* Instructions for the task *
Would you reproduce the whole listing exactly, dropping any pictures it holds?

**** Data block

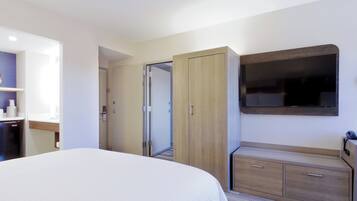 Premium bedding, pillowtop beds, in-room safe, desk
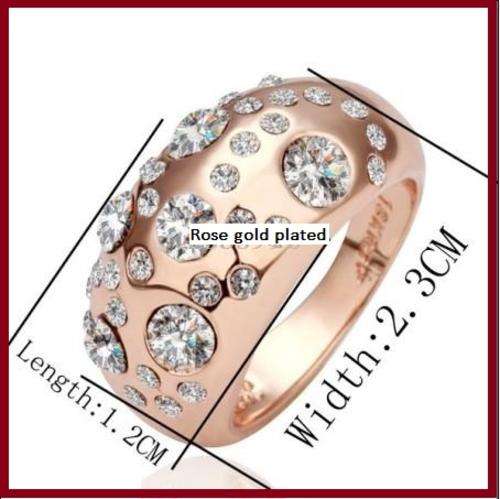 BEYOND STUNNING!!!! 18K ROSE GOLD PLATED RING WITH AUSTRIAN CRYSTALS
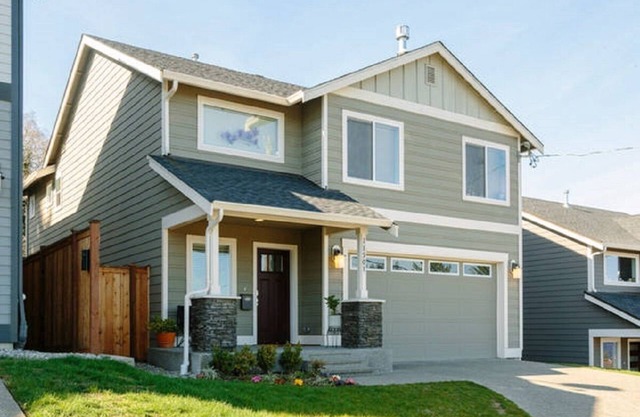 Lake & Mountain Views: Spacious Seattle 4 BR & 3 BA Home Centrally Located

********

* Response *
 Premium bedding, pillowtop beds, in-room safe, desk
 BEYOND STUNNING!!!! 18K ROSE GOLD PLATED RING WITH AUSTRIAN CRYSTALS
 Lake & Mountain Views: Spacious Seattle 4 BR & 3 BA Home Centrally Located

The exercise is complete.